Saturday, April 14, 2012

East of STEINBECK!!!!

I have been reading East of Eden by J. Steinbeck recently and, with all the other things on my plate at the moment, I wondered if I was wasting my time. I even went so far as to say to myself that John Steinbeck wasn't really all that people made him out to be; that he wasn't deep enough, profound enough for me right now.

And then I read chapter 13 of East of Eden and then I was knocked off my feet. I have read that chapter five times now and I still can't stop thinking about it. Profundity indeed!



I am blindly reading Steinbeck, which excuses my ignorance, though I'm not certain whether that statement makes any sense to anyone but me. Anyhow, the following is an excerpt from East of Eden- chapter 13:



In our time mass or collective production has entered our economics, our politics, and
even our religion, so that some nations have substituted the idea collective for the idea God. This in my time is the danger. There is great tension in the world, tension toward a breaking point, and men are unhappy and confused.
At such a time it seems natural and good to me to ask myself these questions.
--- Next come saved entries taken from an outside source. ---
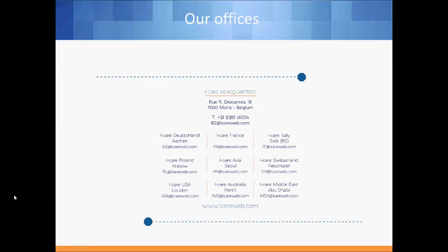We are now at the end of this video tutorial. Thank you for watching this tutorial. For more information about iCare and our products, please visit our website or drop an email to one of the following emails. Thank you. Have a nice day.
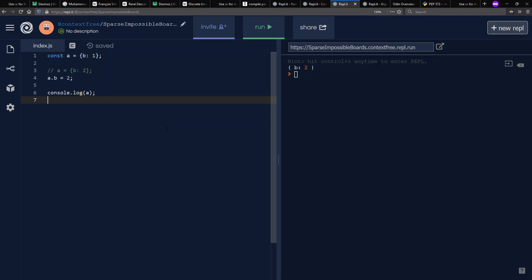And so some languages that use const this way are perhaps not appreciated the use of the term. So, for example, in Java, they'll use the word final instead of const when you can't reassign a value because they don't have a way, just like in JavaScript, have a way of forcing deep constantness.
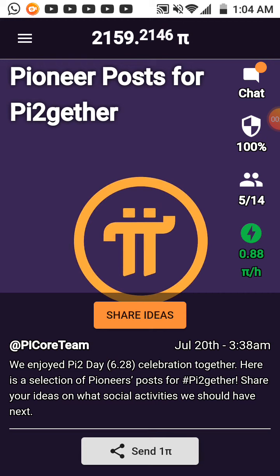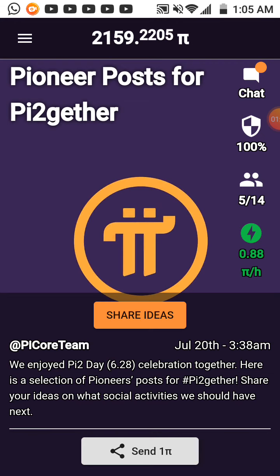Search for Pi Network on your Play Store, download it on your mobile, and use your Facebook account to register. Use my referral code — you will see it in my description.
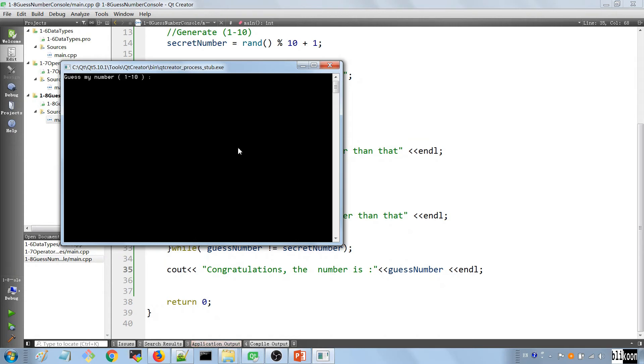Running it again — is it 7? No, it's lower than that. Is it 5? Yes, it's 5. I got the number in just two trials.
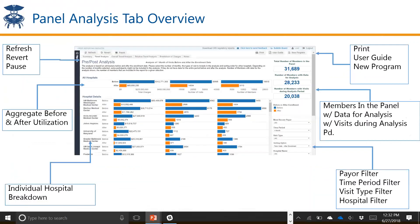We also have a tab in the dashboard called Relative Trend Analysis. What that does is give you a visualization in a line graph format so you can look at both of those panels on the same screen. It looks at just raw visits and charges before and after for the two different programs on the same screen. That's located in the Relative Trend Analysis tab and is available to users.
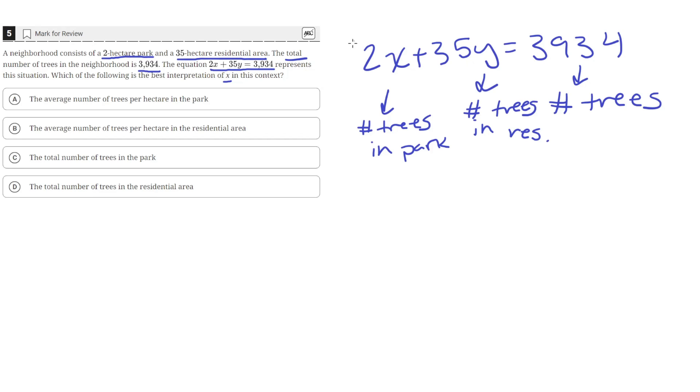The coefficient here shows the size of the area: the 2 hectare park and the 35 hectare residential area.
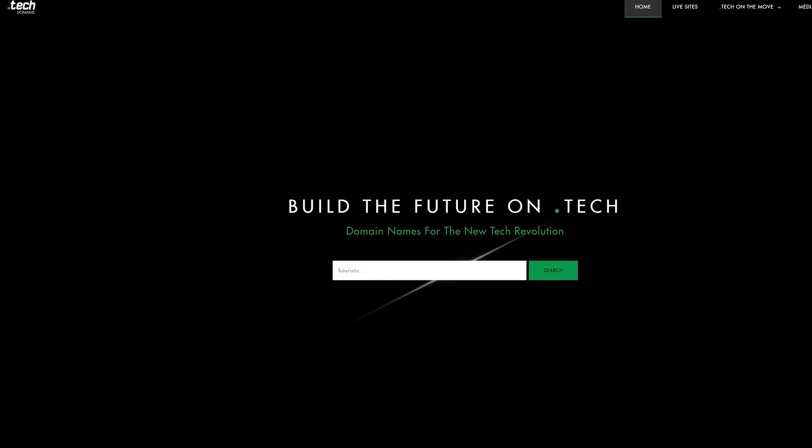I just want to take a moment and thank our sponsor dot tech domains. Now if you're anything like me, you probably love domain names and you love to buy ones that are short and relevant, but also most importantly available. And that's what's really cool about dot tech domains. There's a ton of really cool domains available and the dot tech domain is broad enough that you can understand that this is technology related as well.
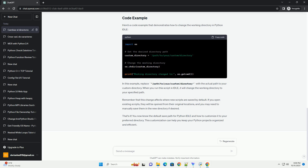Open Python IDLE, click on File in the menu bar, and select Change Working Directory. Browse your file system and choose the directory where you want your Python scripts to be saved by default. Once you've selected the directory, click the OK button. From this point on, when you save a Python script or create a new one, Python IDLE will default to this custom directory instead of the default path.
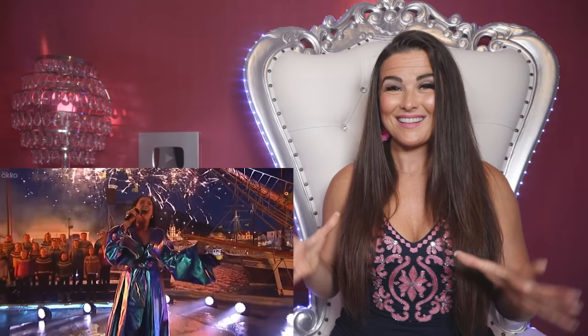Beautiful — I love that she's using her native tongue as well as English. She's switching between the two. Wow, okay, okay, okay!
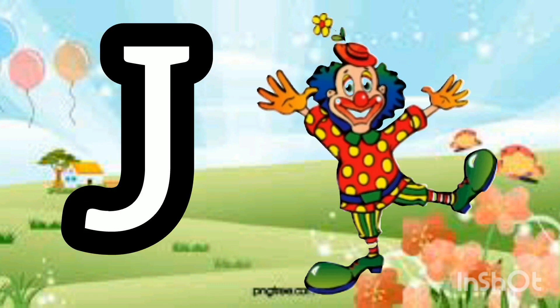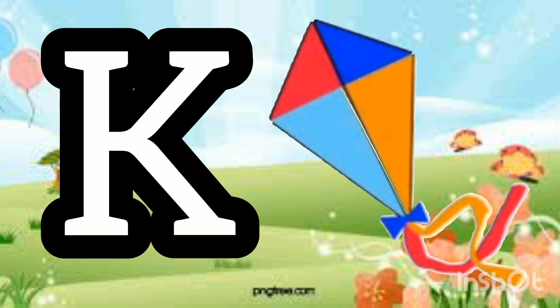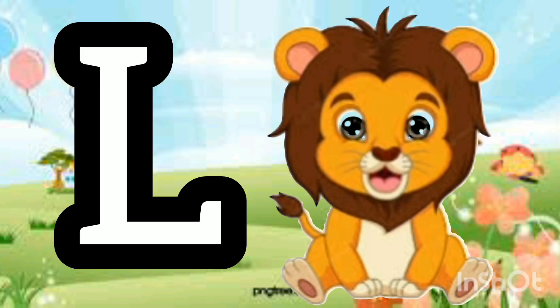I for Ice Cream. J for Joker. K for Kite. L for Lion.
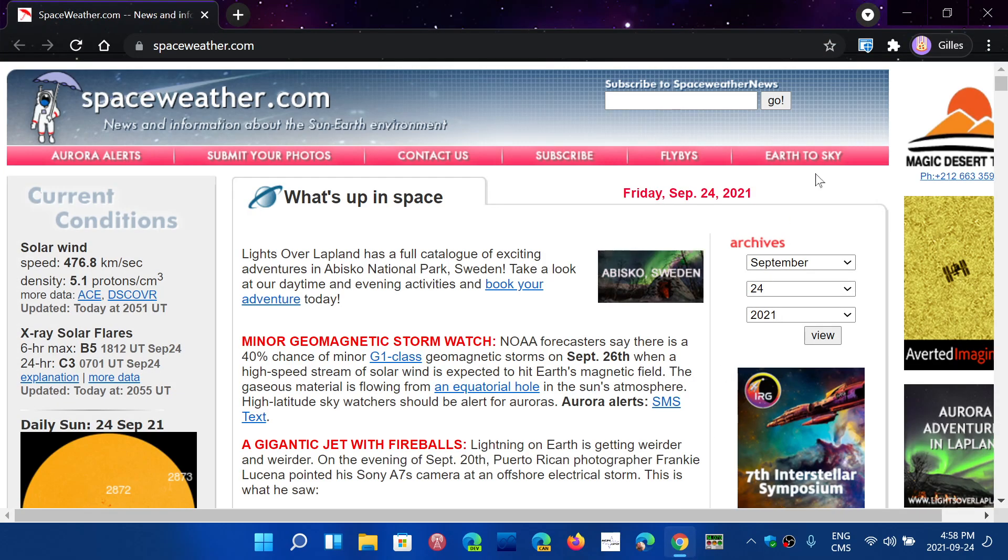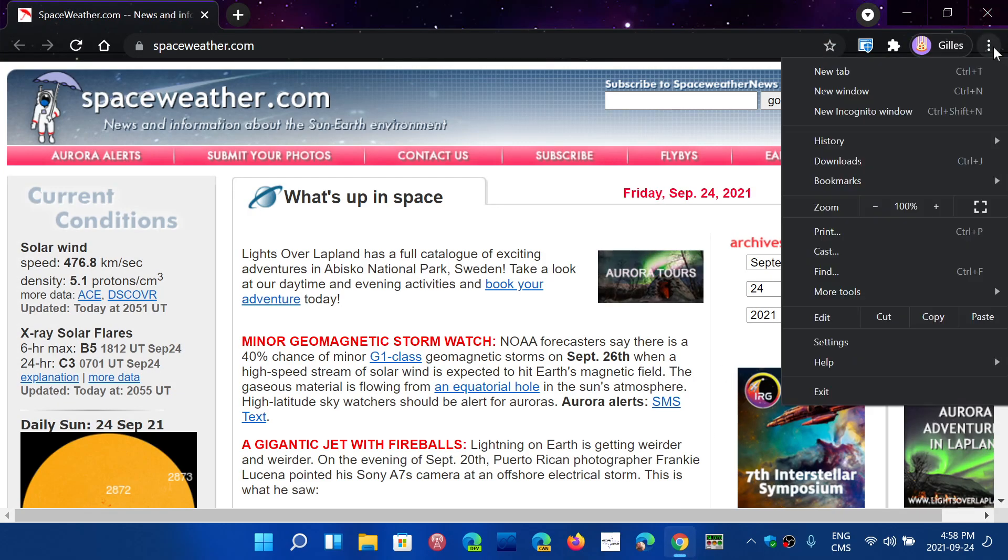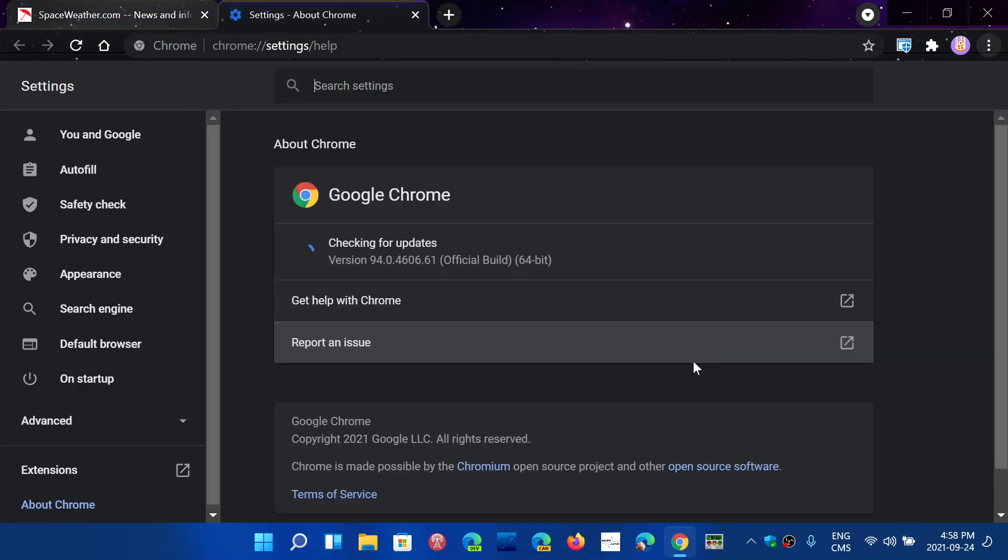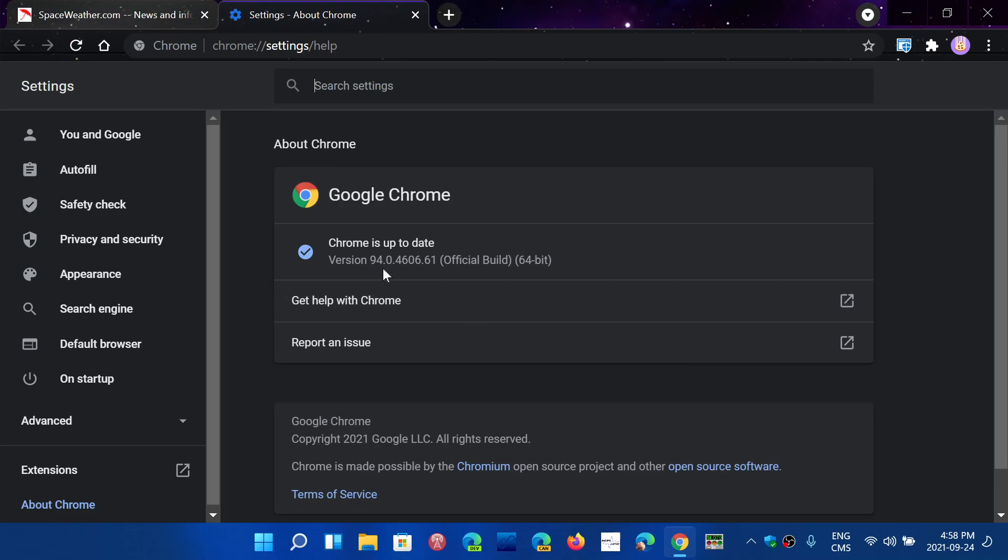Go to Chrome, go to the upper right corner, go down to help and make sure that about Google Chrome you are at version 94.0.4606.61.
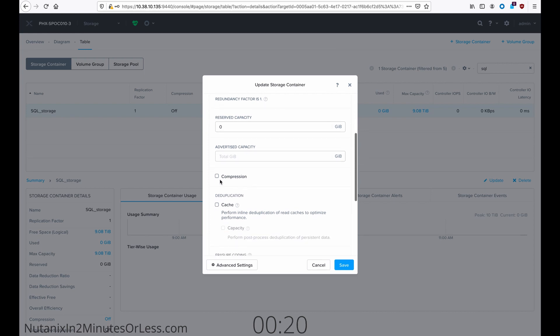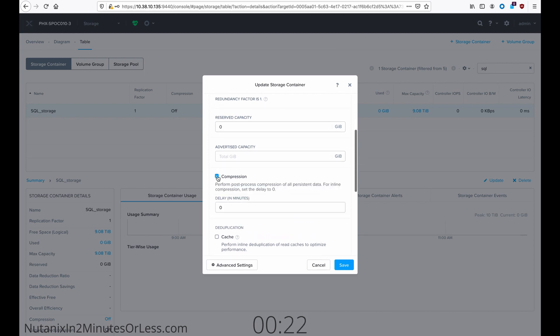Scroll down to compression and check the box. And then in the text field underneath compression, put the amount of delay you want for when you want Curator to actually do the compression, and this is in minutes.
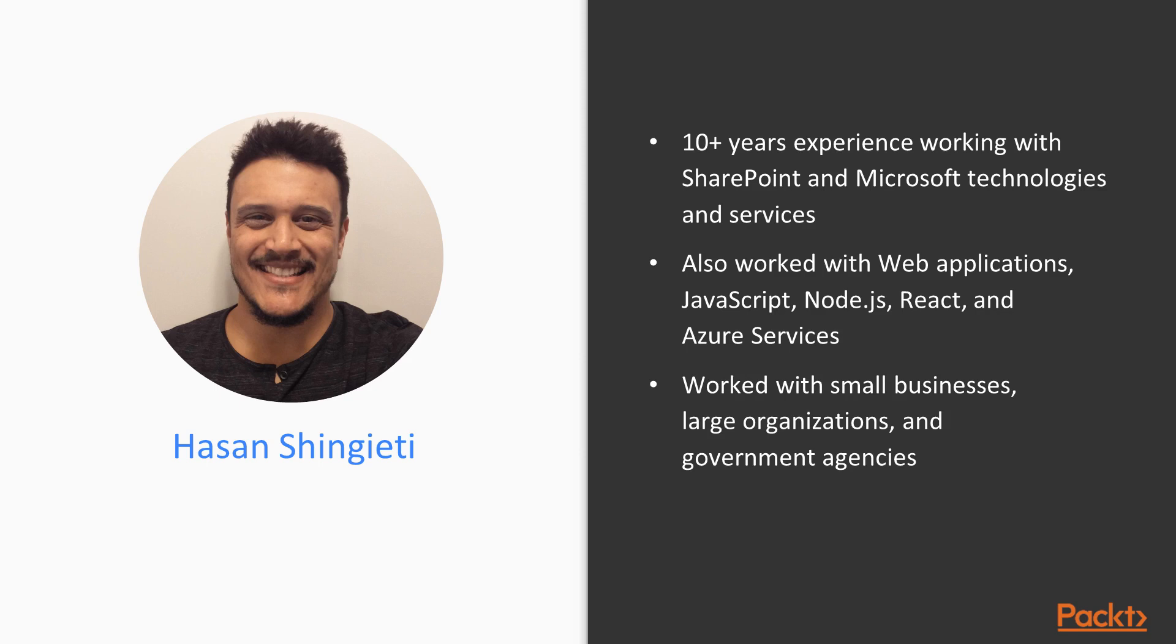I've worked in small businesses, large organizations, and various government agencies at the federal level as well as the state and local levels.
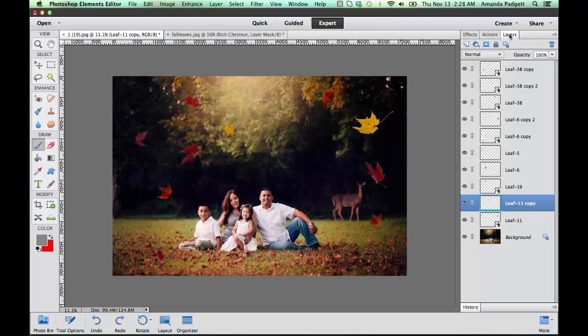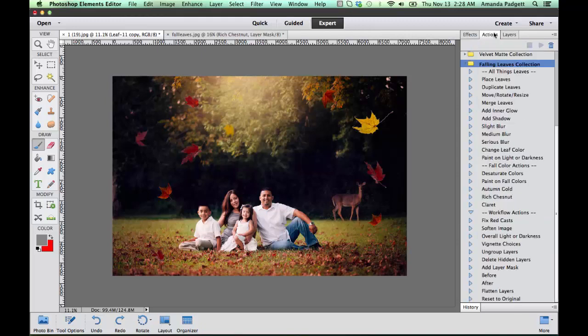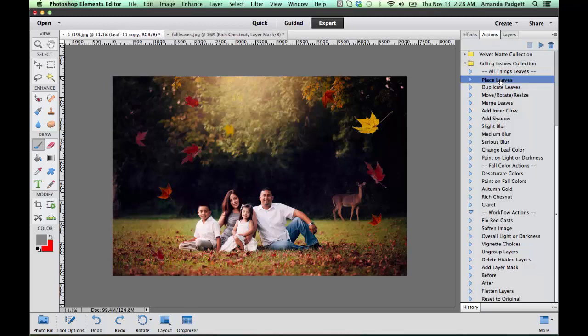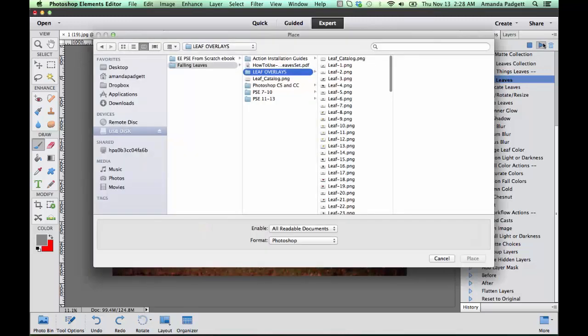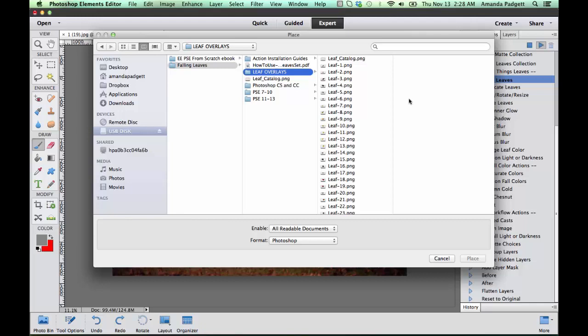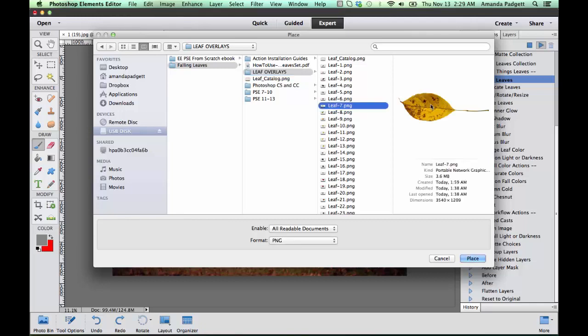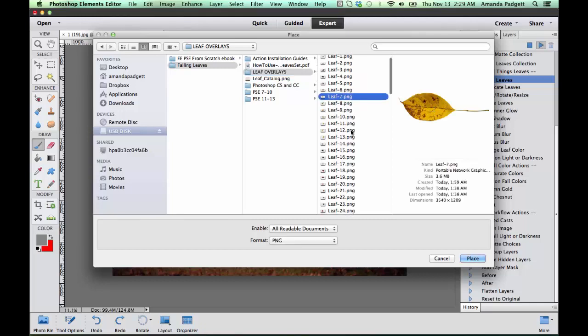You add them to your image one at a time by using an action called place leaves. So we're going to run it and it's going to prompt you to open up and go to your folder or wherever you save your product folder.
What do I
believe in? What must I fight for and what must I fight against?
Our species is the only creative species, and it has only one creative instrument, the
individual mind and spirit of a man. Nothing was ever created by two men. There are no good collaborations, whether in music, in art, in poetry, in mathematics, in philosophy. Once the miracle of creation has taken place, the group can build and extend it, but the group never invents anything. The preciousness lies in the lonely mind of a man.
And now the forces marshaled around the concept of the group have declared a war of
extermination on that preciousness, the mind of man…. It is a sad suicidal course our species seems to have taken.
And this I believe: that the free, exploring mind of the individual human is the most
valuable thing in the world. And this I would fight for: the freedom of the mind to take any direction it wishes, undirected. And this I must fight against: any idea, religion, or government which limits or destroys the individual…. If the glory can be killed, we are lost.